@linguaphile: Like you, I consider ‘silence’ to mean little to no stimulation. In the example I gave above, the stimulation the receptionist was recommending was for me to look through a magazine. I can not experience silence, because I have tinnitus, so even underwater in the tub in a dark room, there is always sound. When we block out enough of the ambient noise, people with normal cochlear function can hear their breath and their pulse.
“It’s sad the people depend so much on their hearing that they miss a trillion other things…”
As an Audiologist, I find that people value their vision far more than their hearing. Because those who are born with normal hearing are exposed to sound in-utero, and since it is always there – even when we sleep at night – we generally take it for granted. Too few really comprehend how much sensory input our ears provide beyond conversational speech. Just as you are more in-tune with visual input than people who have hearing and vision, someone who is blind form birth could explain the myriad of sounds and all the information contained within it far better than I.
“Try hearing more than one city block away”
I currently am sitting on my deck outside our kitchen, and hearing an airplane fly overhead, the wind in the distance and getting closer until I finally feel it on my face, the roar of the highway behind me, the clanking in the auto-body shop that’s about a block away… Sound does travel very far, and we hear things beyond our line of sight. Hearing is “the eyes in the back of our head” because with normal binaural hearing, we have true surround sound. I just heard the floor creak inside the house, so even though I can’t see him, I know that my son just got out of his bed in the room above the kitchen.
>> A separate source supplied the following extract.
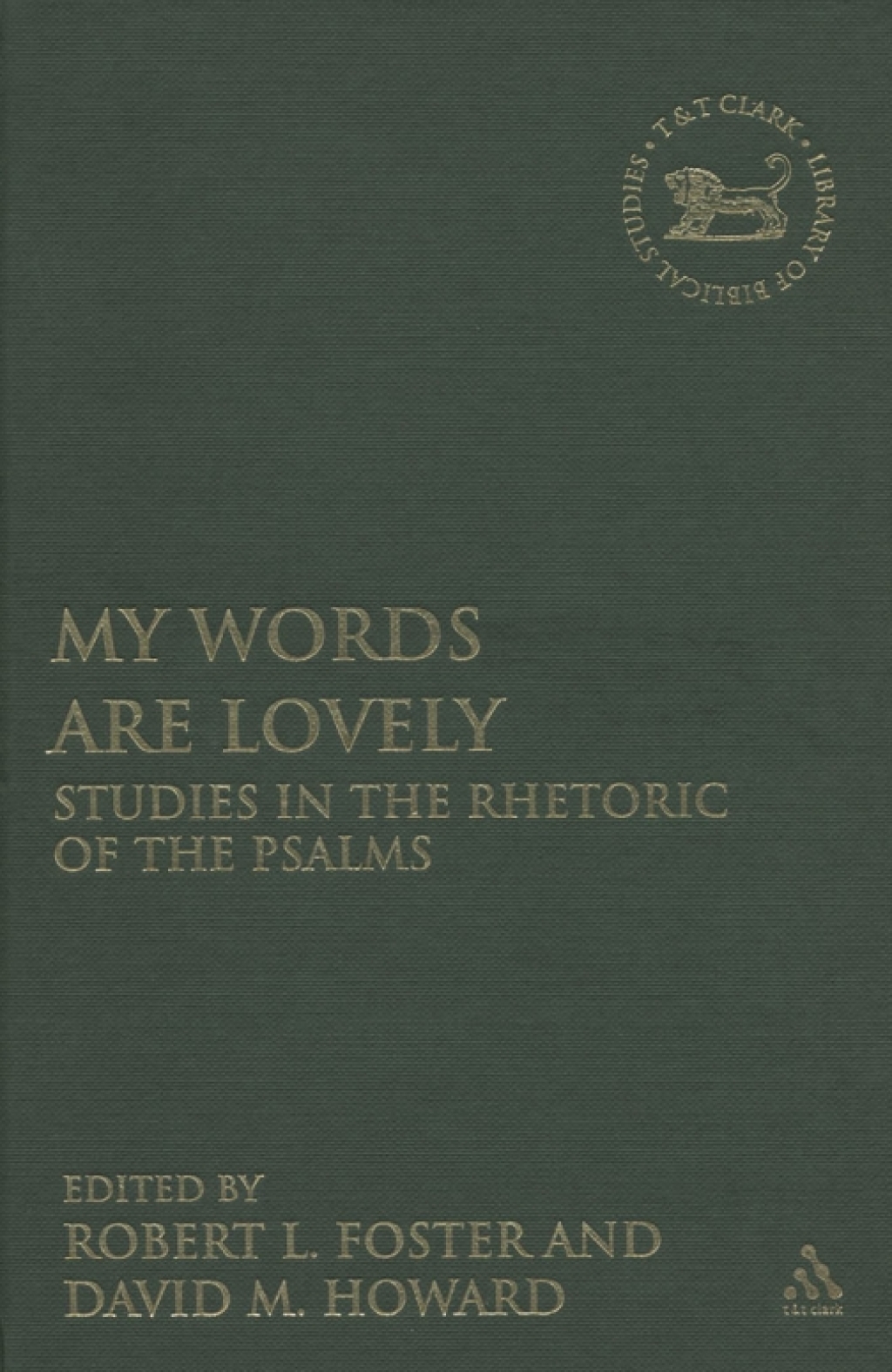 My Words Are Lovely Studies in the Rhetoric of the Psalms 1st Edition â€“ PDF/EPUB Version Downloadable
Now some birds are pitching a fit somewhere… it’s hard to tell because the wind is fairly steady, but I think it’s somewhere in front of the house.
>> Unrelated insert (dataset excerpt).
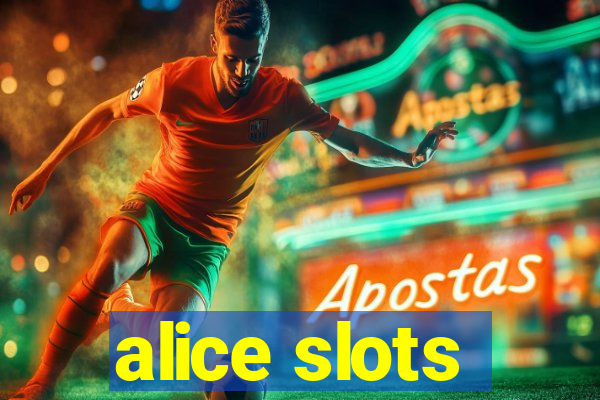 alice slots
When people who have essentially normal functioning for all senses are asked to hypothetically choose between vision or hearing, most say that they would rather be deaf than blind. I presume that is because being visually impaired does make a person more dependent for transportation and such. But once in a while you encounter those who would not be willing to give up music. There is no way to describe music to someone who has never heard, just as there is no way to describe colors to a person who has never seen.